Our food-system still reflects the colonial desire to turn land and non-White bodies into profit through intensive agricultural production.


There are conversations we need to have about how to restructure a food-system that even in good times was failing too many people, a food system that supports an economic system which perpetuates conditions that re-create poverty and insecurity in the same communities generation after generation.

A food-system that depends on destabilizing nations and regions to force agricultural migrations across borders, and into conditions which are criminal and deplorable but easy to avoid talking about. We must have conversations about how privilege is constructed and maintained through a variety of continuing structures of settler colonial violence targeting Indigenous women, communities, and water systems under the moral imperative of profit. Our broken food-system is directly tied to these persisting settler colonial structures and systems of capitalist extraction. Yet our food-system can be modified, re-designed, and rebuilt if we have a will to do so.


Works Cited

Alkon, Alison Hope, and Julian Agyeman. 2011. Cultivating Food Justice: Race, Class, and Sustainability / Edited by Alison Hope Alkon and Julian Agyeman. Food, Health, and the Environment. Cambridge, Mass.: MIT Press

Arvin, Maile, Eve Tuck, and Angie Morrill. 2013. "Decolonizing Feminism: Challenging Connections between Settler Colonialism and Heteropatriarchy." Feminist Formations 25, no. 1: 8-34.

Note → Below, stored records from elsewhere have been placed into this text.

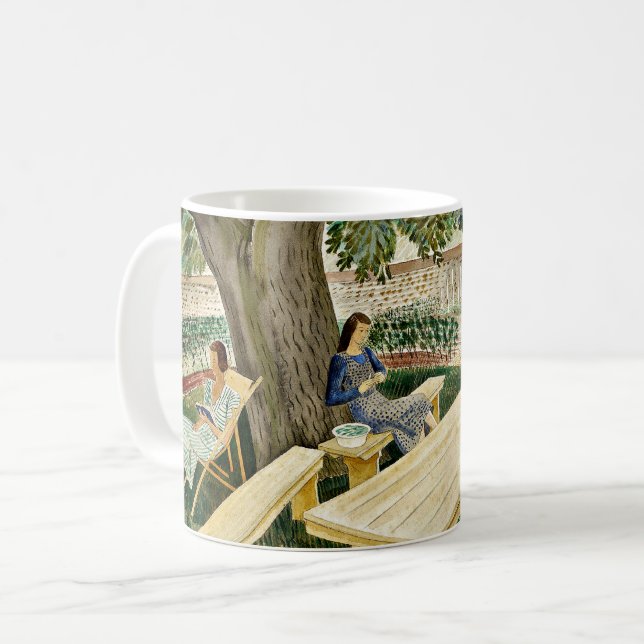 Caneca De Café Eric Ravilious - Duas Mulheres em um Jardim, (Frente Esquerda)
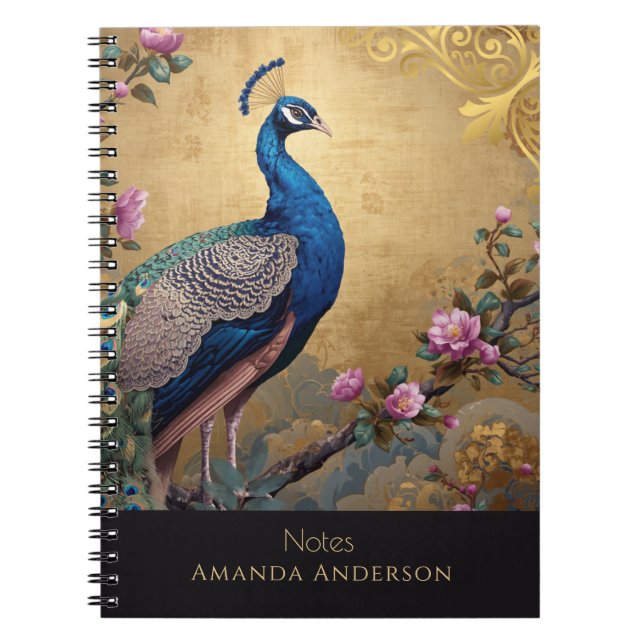 Chinoiserie Påfågel Spiral Anteckningsbok (Framsidan)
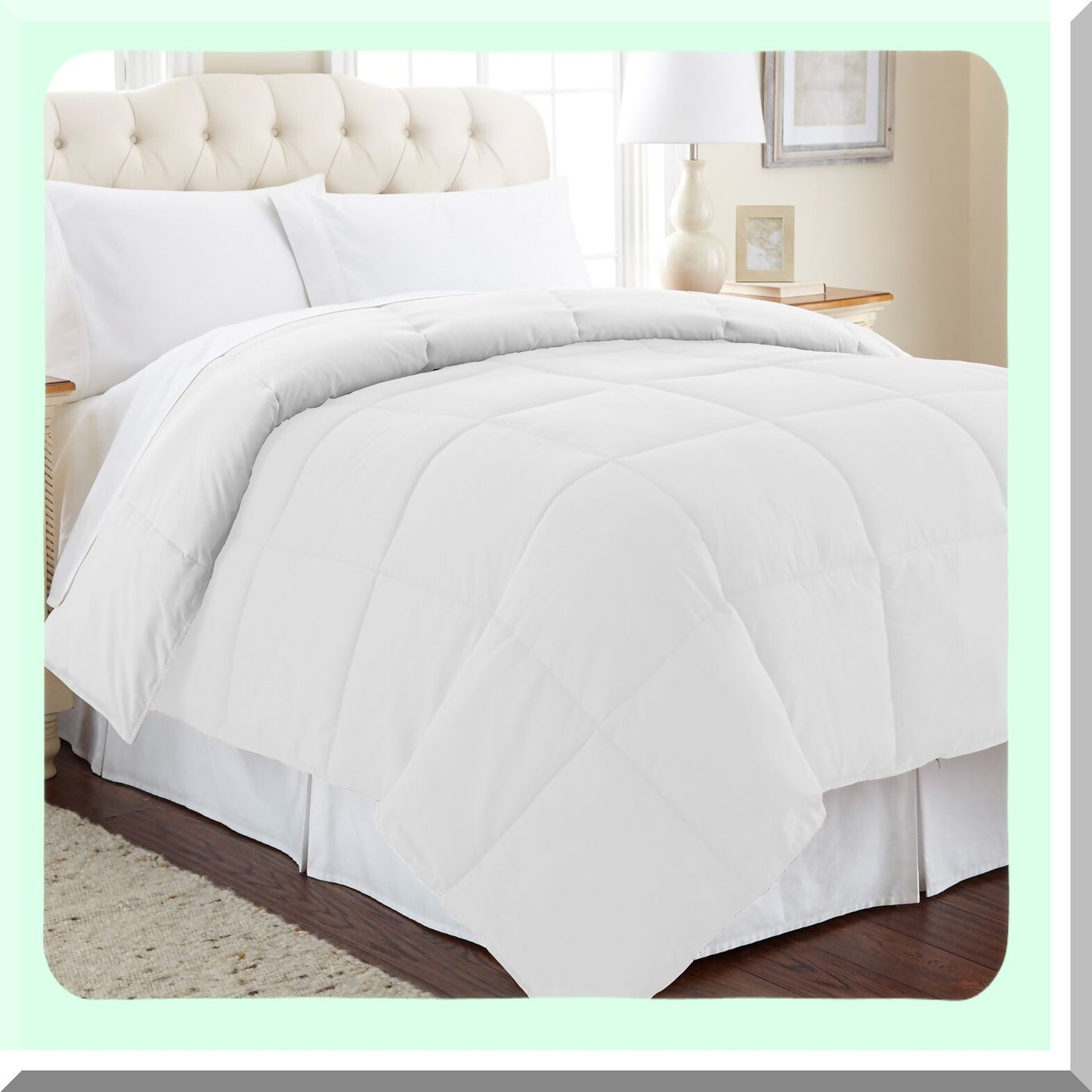 Luxury Microfiber Reversible Comforter - All Season Duvet Insert - Soft & Cozy Goose Down Alternative - Quilted Bedding Set - White Twin Size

Colorado Foundation for Agriculture. “Colorado Agriculture Fun Facts” 2018. Retrieved July 03, 2020, from

Environmental Protection Agency. 2019. “Sustainable Management of Food Basics,” June 19, 2020.

Feeding America (2014). Map the meal gap 2014: Overall food insecurity in Colorado by County in 2012.

Mason, Mondi. 2014. “Food System Policies and Population Health: Moving Toward Collective Impact in Denver,” 54.

We Don't Waste. “Our Mission.” Accessed July 3, 2020.